In the afternoon, we went for a tromp around “the property,” as Sam referred to it. One thing was abundantly clear: old man Lawson had snapped up a pretty piece of real estate with all his advertising dough. Rolling fields, handmade fences, a picturesque pond overlooked by a huge willow. It sounds corny to say, but it was a real storybook farm. It even had a name: “Darlington.” So old man Lawson might say to his friends: “How would you like to come up to Darlington for the weekend?”
We squelched around in the mud, in borrowed rubber boots. Max and I hopped on one of those huge cylindrical hay-bales, and tried to get it rolling. Soon it became a competition to see who could stay on longest. Finally, Max aborted with an oath. I kept rolling (why? to impress Les with my “balesmanship,” I guess) until I hit some sort of snag in the ground and pitched face-first in the mud.
Inside, I had a bath in the big clawfoot tub, and took a long nap. I drew the blinds, crawled into the bed, and with the smell of fresh-laundered sheets in my nostrils, I sank into a deep, dark hole.

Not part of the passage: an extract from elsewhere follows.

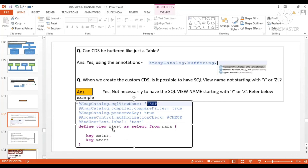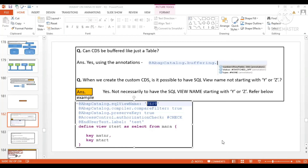However, regarding the CDS view name itself — also known as the structural object name — for example 'Z_TEST' here: the question is whether the CDS view name can be written without Z or Y. The answer is no — it is not possible. The CDS view name cannot start without Y or Z; you must give the customer namespace. The customer namespace is required for the CDS view name.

I awoke from my sarcophagal snooze feeling refreshed, yet groggy and disoriented. With a towel around my waist, I staggered toward the shower like some sort of undersea creature. Clearly I had sunk, for six hours, to the lowest depths of sleep, to the bottom of the sea, where strange eyeless creatures scuttle across the sand and huge prehistoric leviathans slide silently through the inky blackness.

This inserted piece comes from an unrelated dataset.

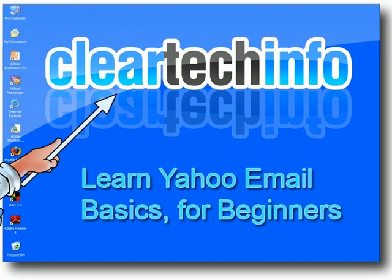In this video tutorial, you will learn Yahoo email basics for beginners.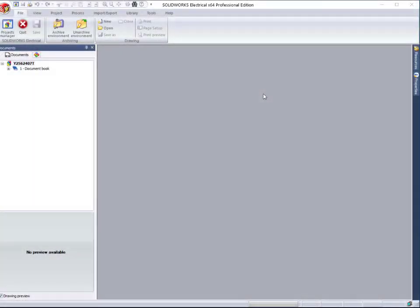Projects store different file types. Together these fully define an electrical machine, assembly, installation, or system.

That shower really perked me up, though. First hot, then cold, then hot again. I came out feeling like a champ. I dressed, to impress Les, really. I’m a bit of a dandy, a fop, a Macaroni, a Count D’Orsay or Beau Brummel. Actually, I wish I could dress like those legendary 19th-century exquisites, especially the great Beau, “the greatest dandy of all time.” Not that he dressed showily, far from it. Beau spent hours in front of the mirror to achieve an effect, in the words of an astonished contemporary, “exactly like that of every other gentleman.” The difference was apparent only to the initiate, it was all in the details: the way only three links of his watch-fob ever showed, the way he polished the soles as well as the uppers of his Hessian boots to the same mirror-like sheen, the brilliance of his linen, the careful elaboration of his famous-throughout-Europe cravat.